ATHENS, Ohio – When Roderick McDavis came to Athens as Ohio University’s president, he brought another university employee with him: his wife.
Deborah McDavis will make $25,000 a year for her duties as the university’s “first lady.” Her husband has a five-year contract paying $275,000 annually.
Spouses of university presidents traditionally have been considered part of a package deal when it comes to the presidential salary and have not been paid separately. That concept is changing.
Raymond Cotton, a Washington, D.C., lawyer who specializes in contracts and compensation for college presidents, said more presidential spouses, especially younger ones, often have to give up their careers and believe they deserve compensation for their work on behalf of the university.
Mrs. McDavis, a college and high school English teacher for 33 years, was offered the salary and benefits in recognition of her expected role in community relations, alumni relations and advocating and entertaining on behalf of the university, university spokesman Hub Burton said.
“I intend to earn every bit of it,” Mrs. McDavis said of her salary, which will be paid out of general operating money.

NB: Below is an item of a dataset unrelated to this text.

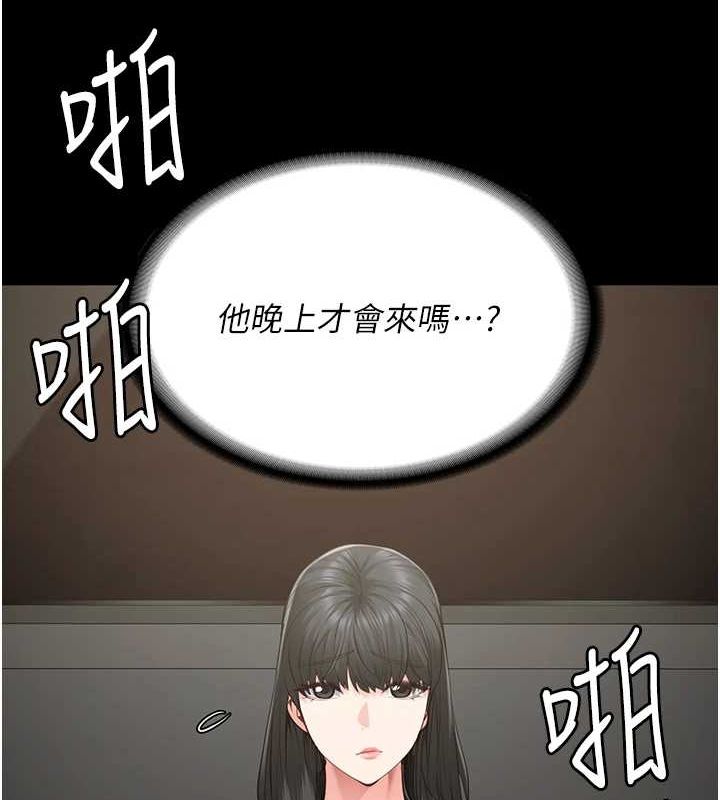 《監獄女囚》漫画 第102話-我們…還走得下去嗎?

McDavis said she earned more than twice as much in her teaching job but knew that the demands of her role as a a university first lady made it impossible to continue teaching.
Miami University in Oxford pays the wife of its president $1 a year, a token amount that qualifies her for liability insurance.
In 2000, Carole Garland kept a log of her activities at Miami and reported that she was typically on the road attending alumni events at least 15 days a year, hosted or attended more than 100 meals and represented the university at 60 or more other events.
Some presidential spouses have their own careers in higher education and are paid for those professional duties rather than as the wife or husband of the president.
Ken Howey, husband of University of Cincinnati President Nancy Zimpher, has a faculty research position at that university.
Paula Whetsel-Ribeau, wife of Bowling Green State University President Sidney Ribeau, went on the payroll last week as interim assistant to the vice president for student affairs. She had been an administrator at Bowling Green and at Ohio State University in Columbus.
The practice of compensating presidential spouses is more common on private campuses than at public institutions, Cotton said.
A Council of Independent Colleges survey of 119 spouses, 87 percent who were women, found that the percentage of spouses getting a salary rose from 11 percent in 1994 to 23 percent by 1999.
Cotton said the most well-compensated presidential spouse at a public institution is the wife of the Indiana University president hired last year. She gets $60,000 a year.